For bilinear forms corresponding to a tensor $(t_{ijk})$, the tensor is already prescribed. Any chain evaluating those bilinear forms yields, by the same argument as above, a decomposition of $(t_{ijk})$ into at most $r$ simple tensors. Hence
$$ \operatorname{rank}(t_{ijk})\le r. $$
Applying (15) with the prescribed tensor in place of the admissible tensor gives
$$ r \ge \frac12,\operatorname{rank}(t_{ijk}). $$
Therefore every polynomial chain, normal or abnormal, that evaluates the bilinear forms associated with $(t_{ijk})$ must use at least
$$ \frac12,\operatorname{rank}(t_{ijk}) $$
chain multiplications.
This completes the proof.
∎
Verification
From a chain with $r$ multiplications, equations (2)-(6) construct a tensor $(t_{ijk})$ of rank at most $r$ satisfying the symmetry condition (1).

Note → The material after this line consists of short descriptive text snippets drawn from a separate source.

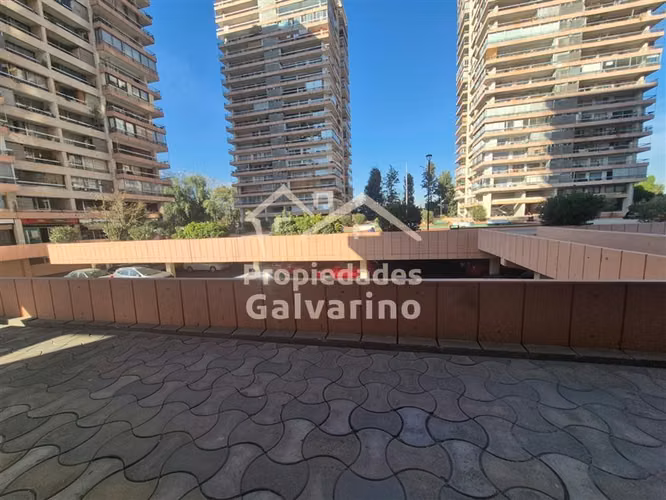 Departamento en venta de 3 dorm.2baños en Las Condes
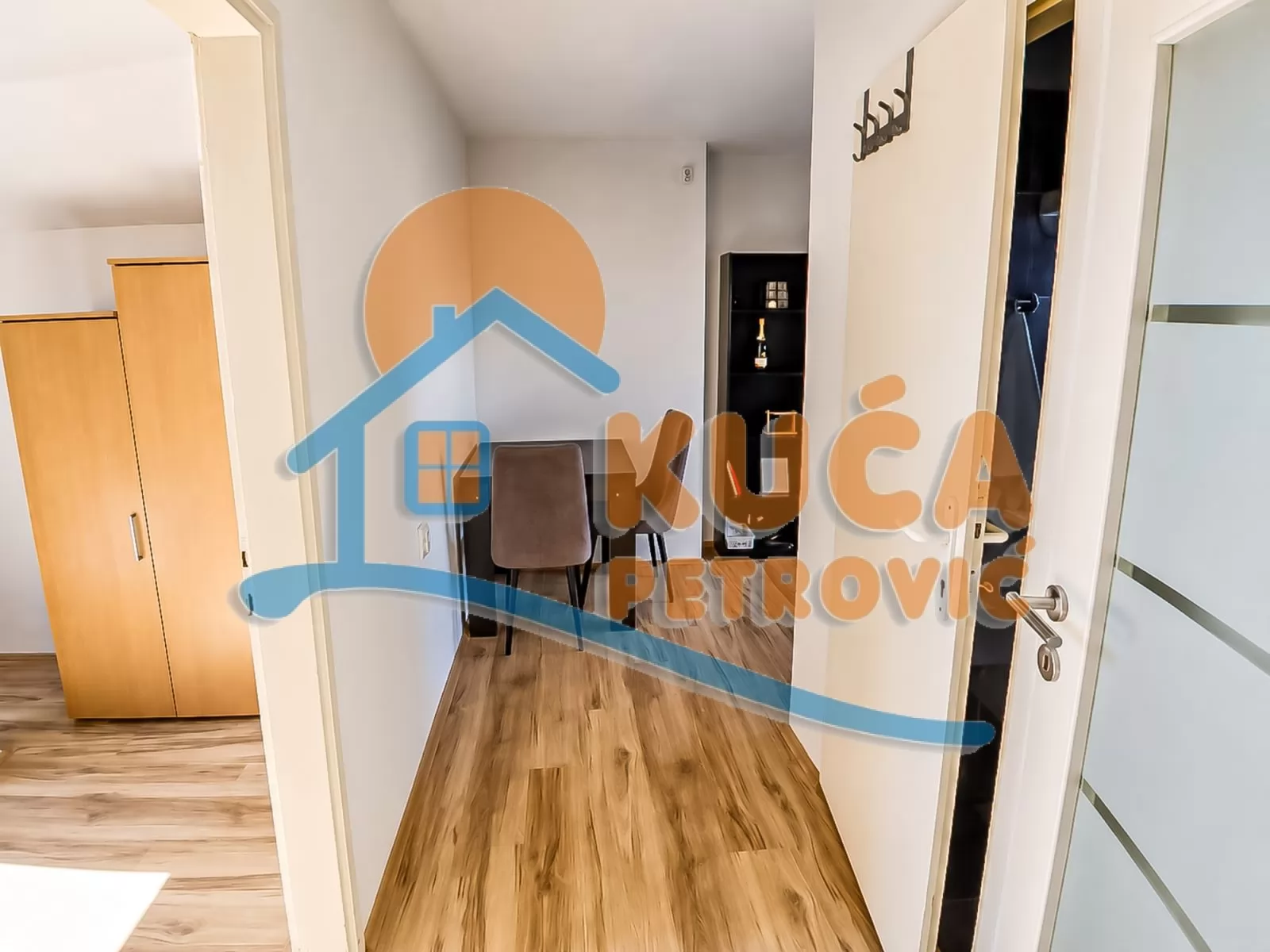 Trosoban stan, 72 m2, Medijana, Rentgenova ID: p-016981 9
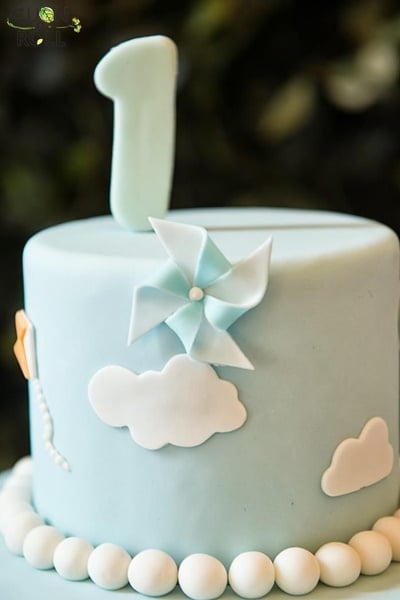 mẫu bánh sinh nhật cho bé 1 tuổi
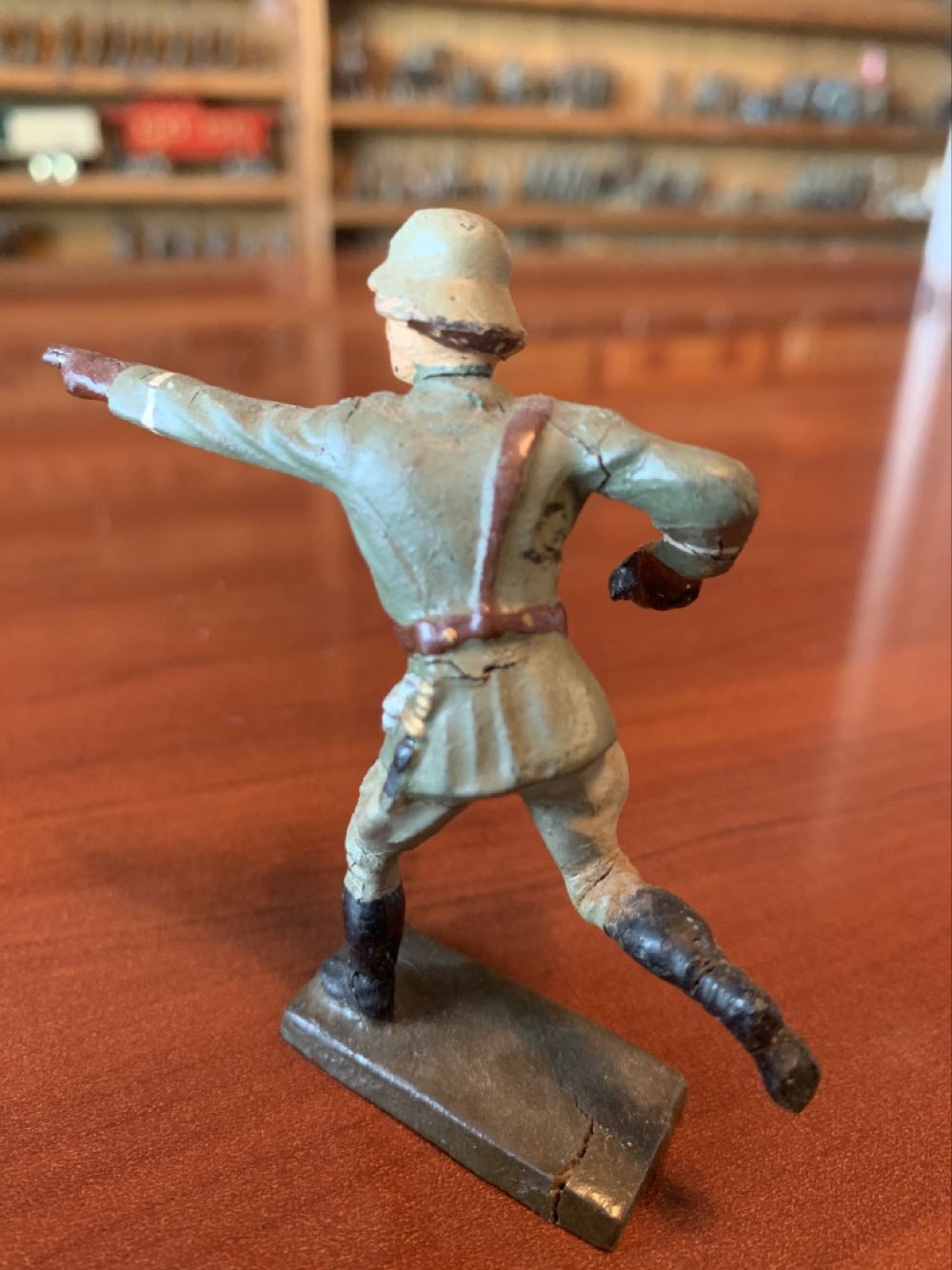 Lineol Officer Attacking Pistol - Lineol (German) action figure collectible - Main Image 2
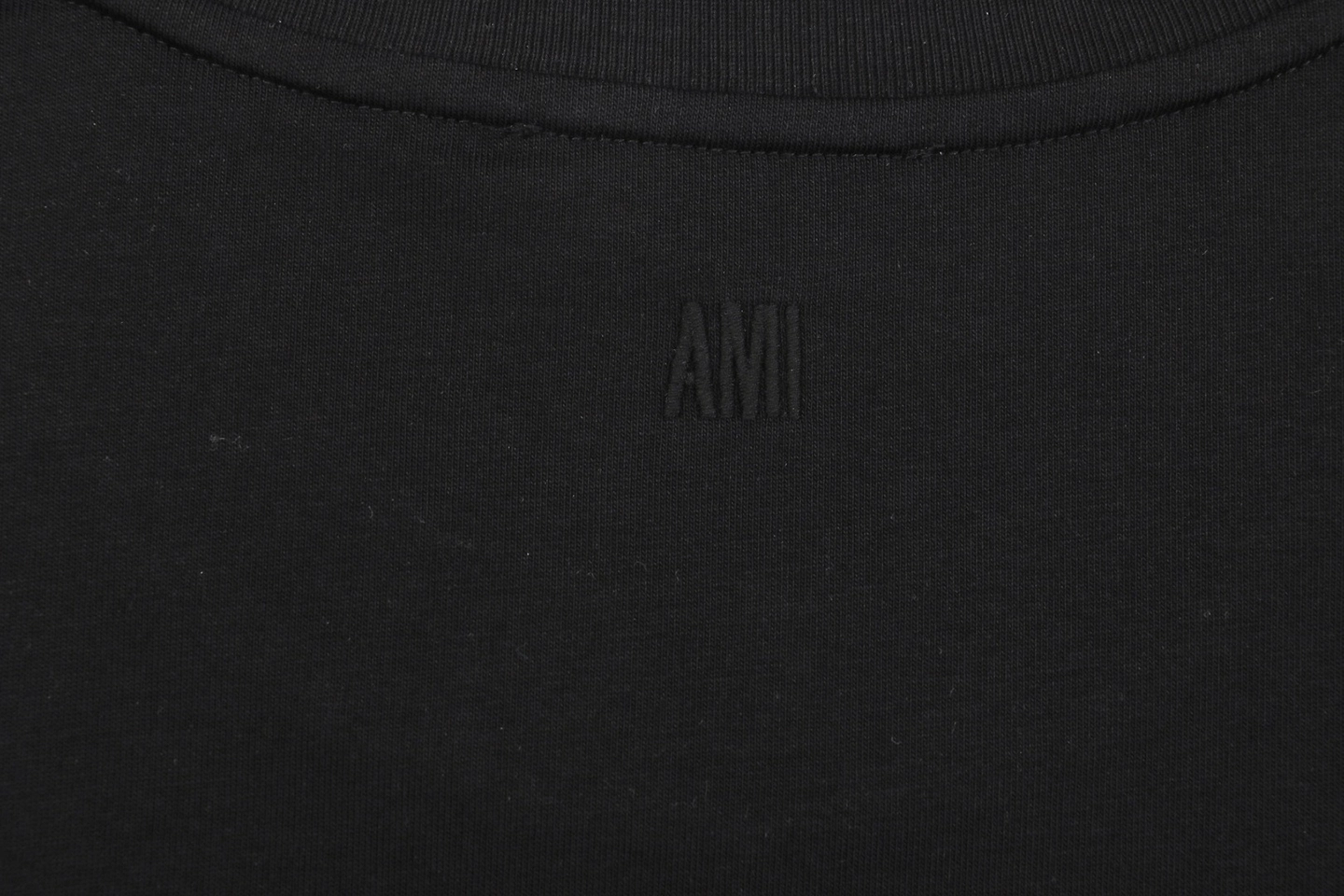 Ami Small Heart Logo Embroidery T-Shirt14.jpeg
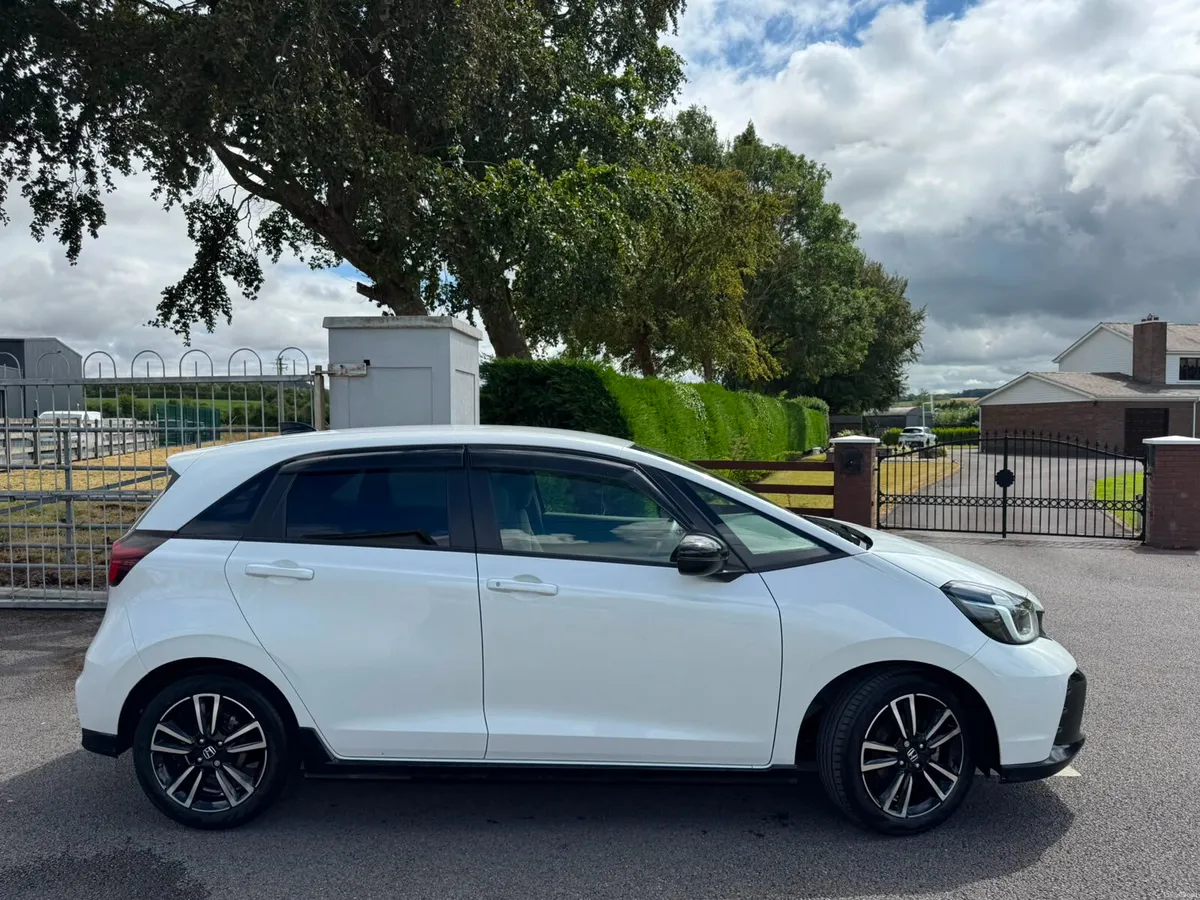 Honda Jazz Advance Sport 2025 - Image 3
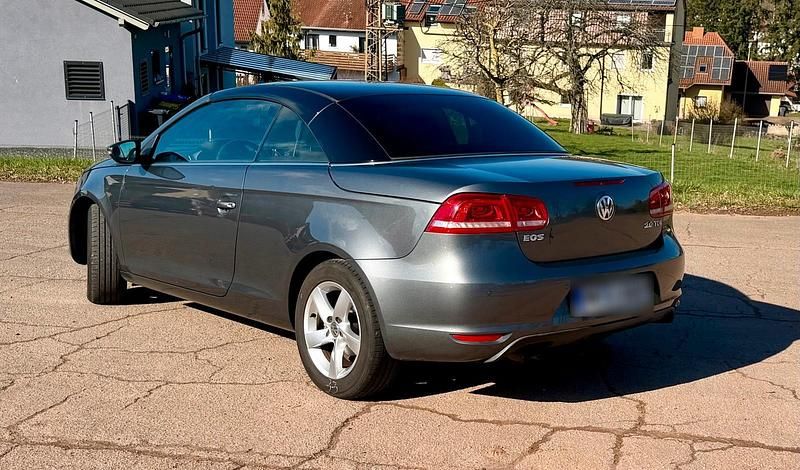 Gebraucht VW Eos 140 PS (102 kW) 2011 Grau Cabrio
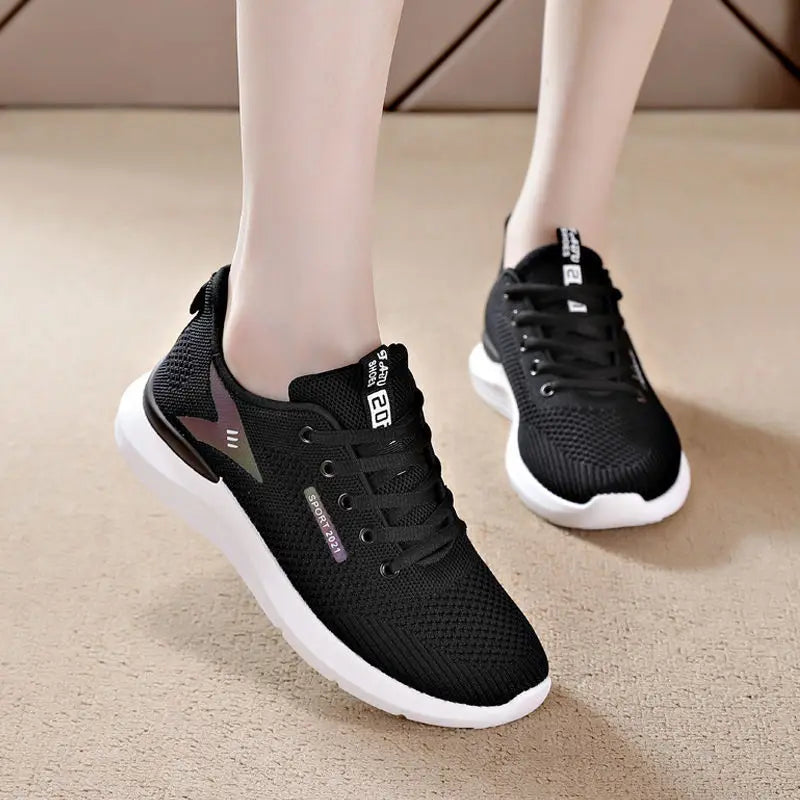 2025 new spring and autumn lace-up fashion Korean style casual thick-soled women's sports running shoes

Conversely, any rank-$R$ decomposition (10) immediately yields a chain with exactly $R$ multiplications that evaluates the same quadratic forms.
Hence the minimum number of chain multiplications is exactly the minimum rank among tensors satisfying (1).
Finally,
$$ \tau_{ijk}+\tau_{jik} = t_{ijk}+t_{jik} $$
and tensor-rank subadditivity imply
$$ \operatorname{rank}(\tau_{ijk}+\tau_{jik}) \le 2,\operatorname{rank}(t_{ijk}), $$
which yields the lower bound
$$ r_{\min} \ge \frac12,\operatorname{rank}(\tau_{ijk}+\tau_{jik}). $$
The same inequality applied to a fixed bilinear tensor $(t_{ijk})$ gives
$$ r\ge \frac12,\operatorname{rank}(t_{ijk}). $$
Notes
The argument is the quadratic-form analogue of the tensor-rank method used earlier in Section 4.6.4 for bilinear computations. A chain multiplication produces one simple tensor, and tensor rank measures the minimum number of such simple tensors required. The factor $\tfrac12$ arises because a quadratic form depends only on the symmetrized tensor $t_{ijk}+t_{jik}$.